→ Input records:
+ + +
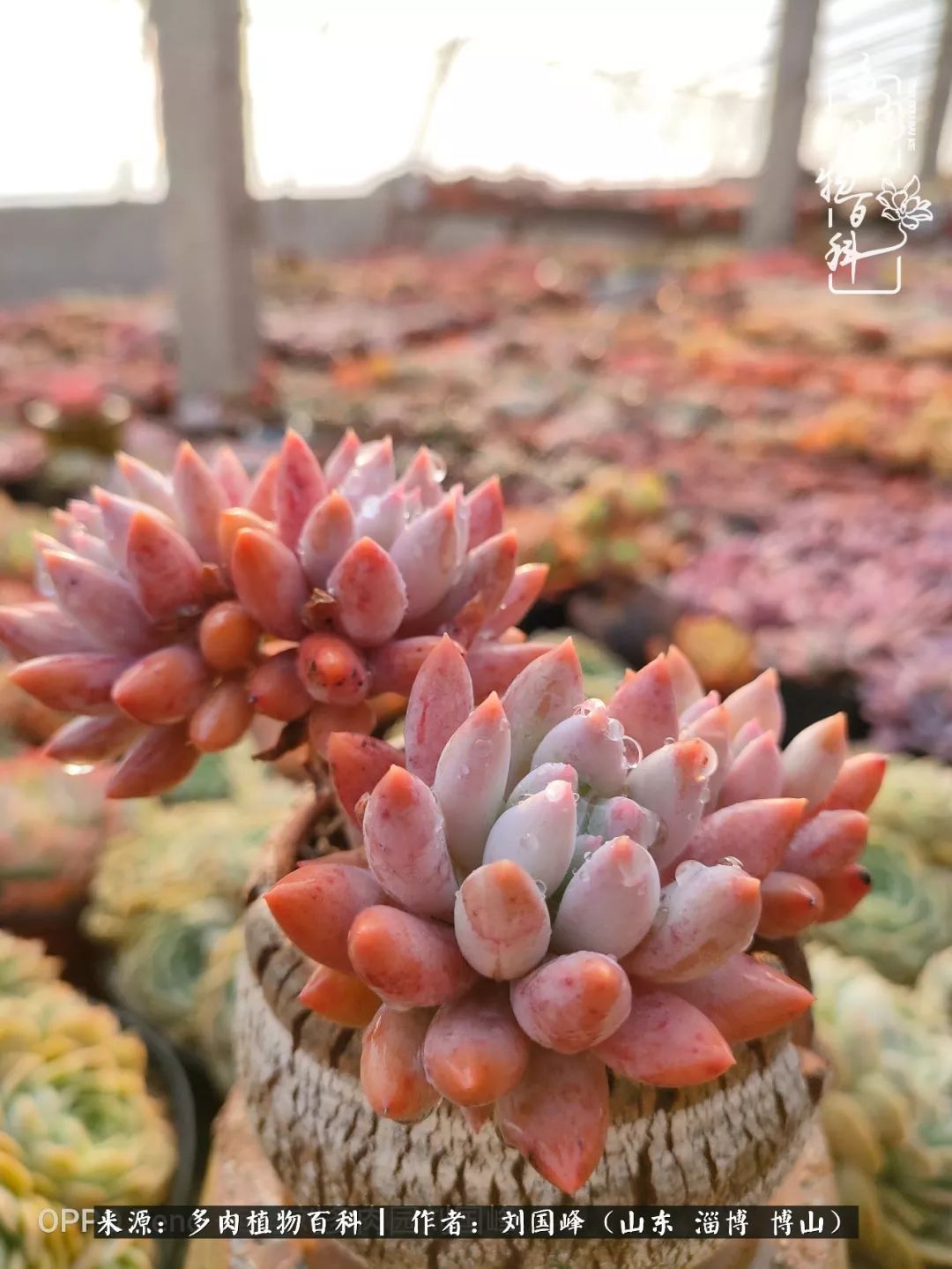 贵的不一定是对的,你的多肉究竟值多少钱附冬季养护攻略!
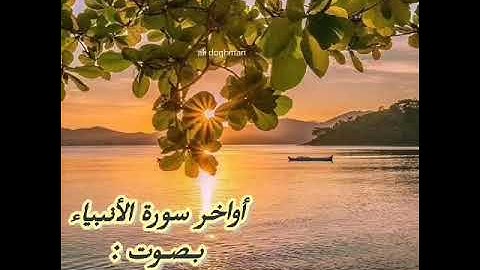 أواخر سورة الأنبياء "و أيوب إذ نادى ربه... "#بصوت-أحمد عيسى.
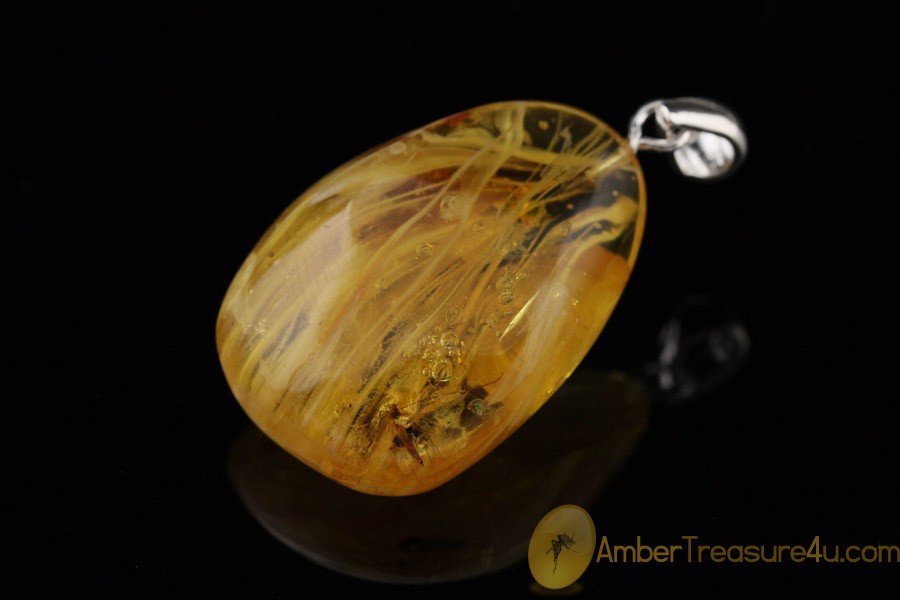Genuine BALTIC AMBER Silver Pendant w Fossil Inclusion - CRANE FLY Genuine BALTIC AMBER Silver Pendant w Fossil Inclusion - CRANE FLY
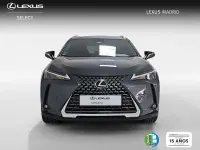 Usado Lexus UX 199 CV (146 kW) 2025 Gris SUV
+ + +
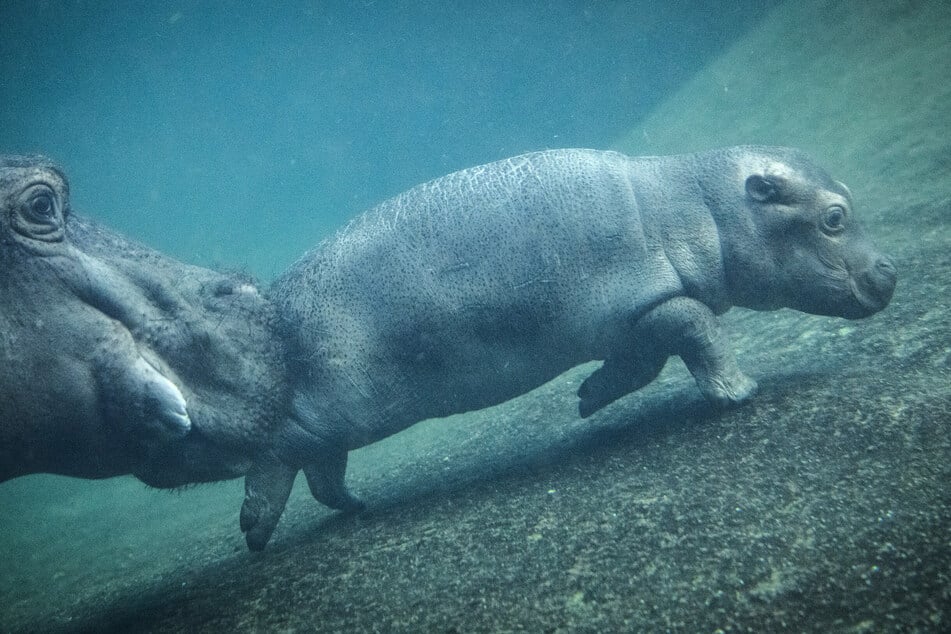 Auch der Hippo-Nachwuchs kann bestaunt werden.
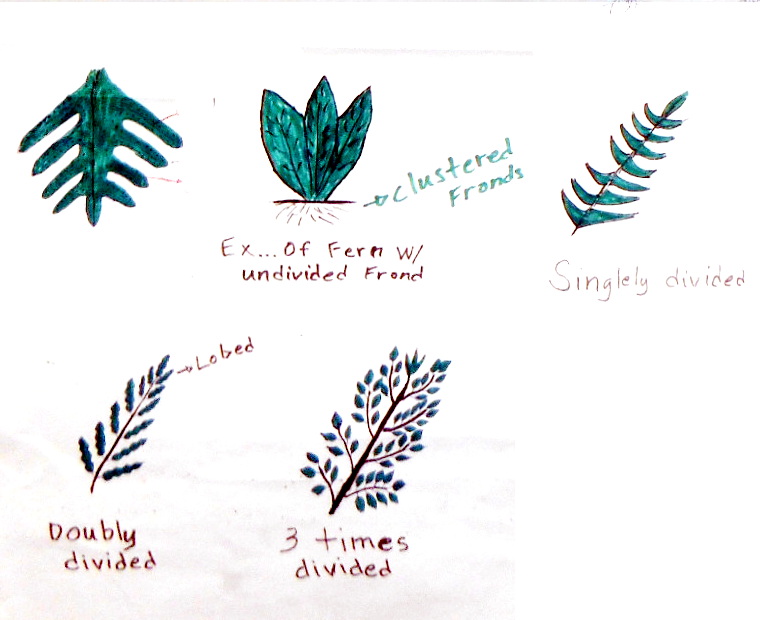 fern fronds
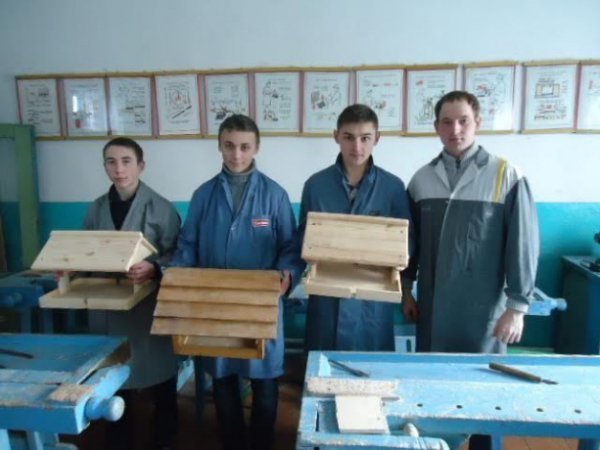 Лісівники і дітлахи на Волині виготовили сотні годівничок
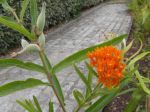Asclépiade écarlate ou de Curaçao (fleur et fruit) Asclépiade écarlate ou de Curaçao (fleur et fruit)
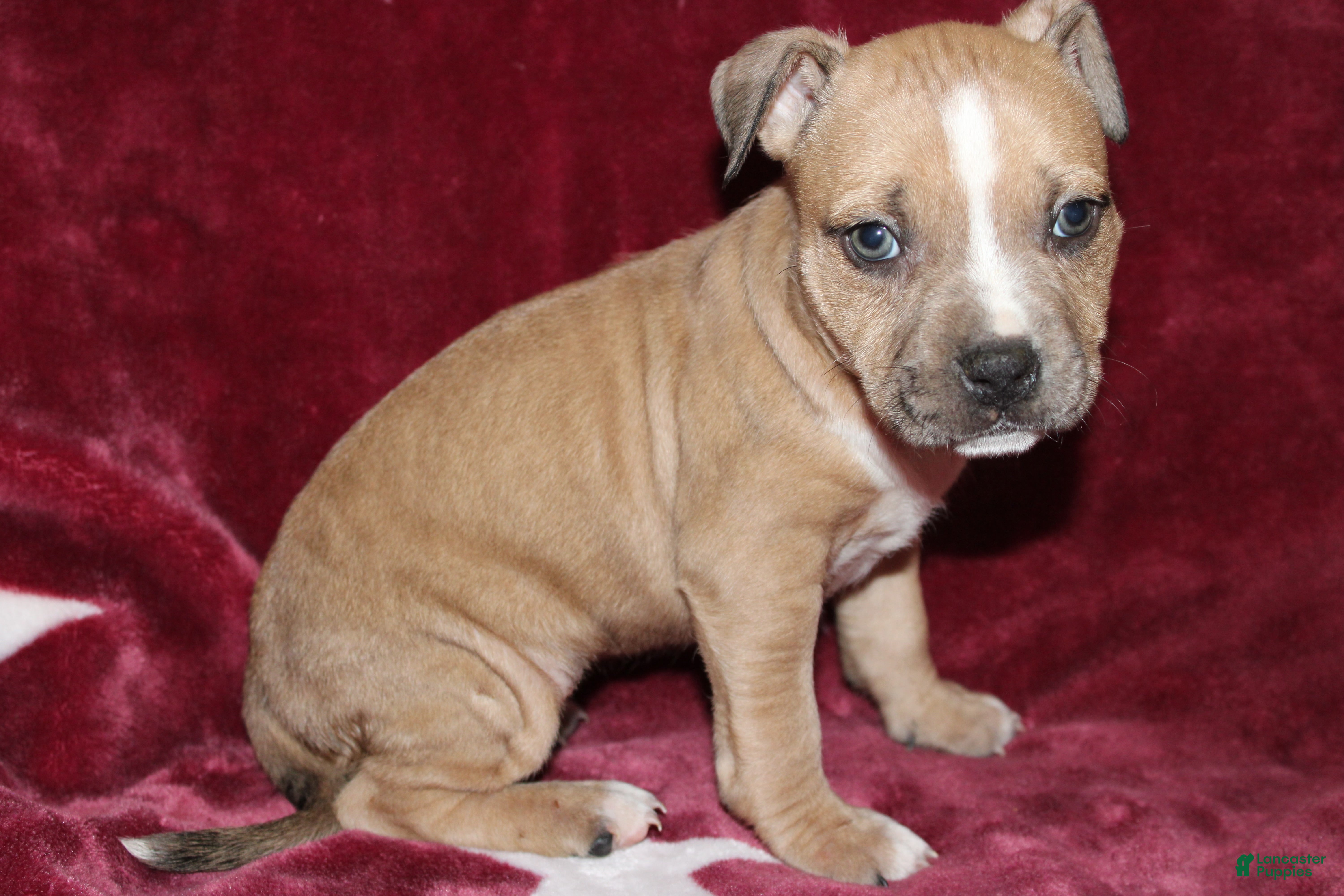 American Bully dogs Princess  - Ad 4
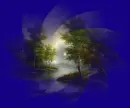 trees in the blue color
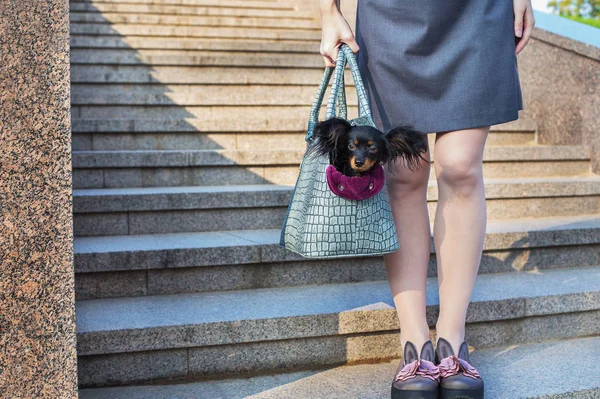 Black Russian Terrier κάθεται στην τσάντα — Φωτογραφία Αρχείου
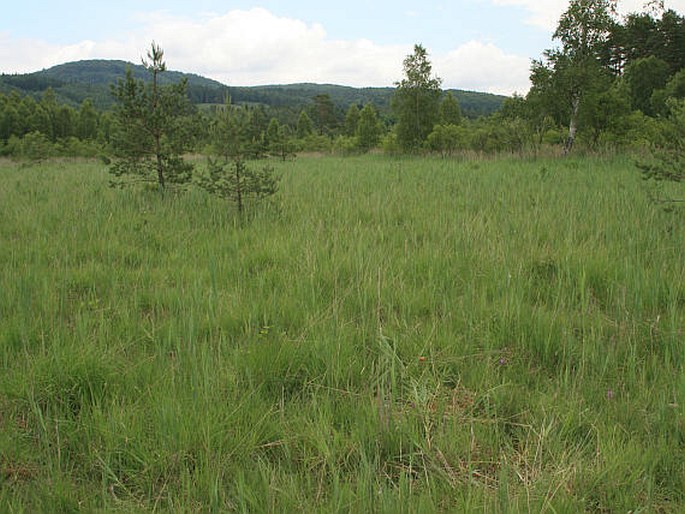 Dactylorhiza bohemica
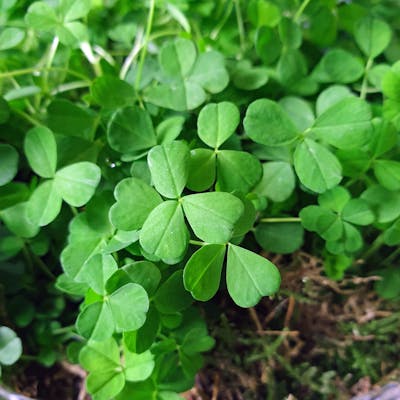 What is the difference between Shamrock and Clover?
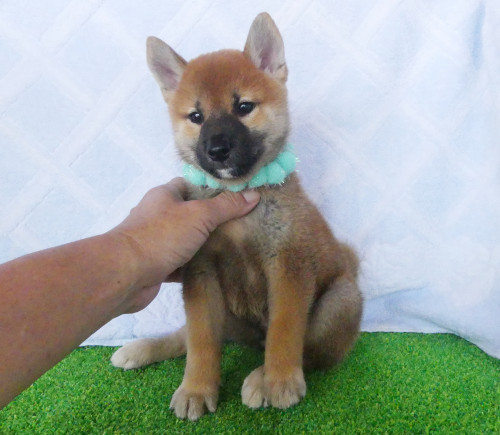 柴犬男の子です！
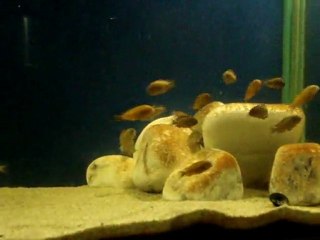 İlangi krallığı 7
+ + +
→ Required work:
Look above for the line with "Dactylorhiza bohemica", then give again exactly every line from there through the line with "İlangi krallığı 7", skipping the pictures.

→ Written solution:
 Dactylorhiza bohemica
 What is the difference between Shamrock and Clover?
 柴犬男の子です！
 İlangi krallığı 7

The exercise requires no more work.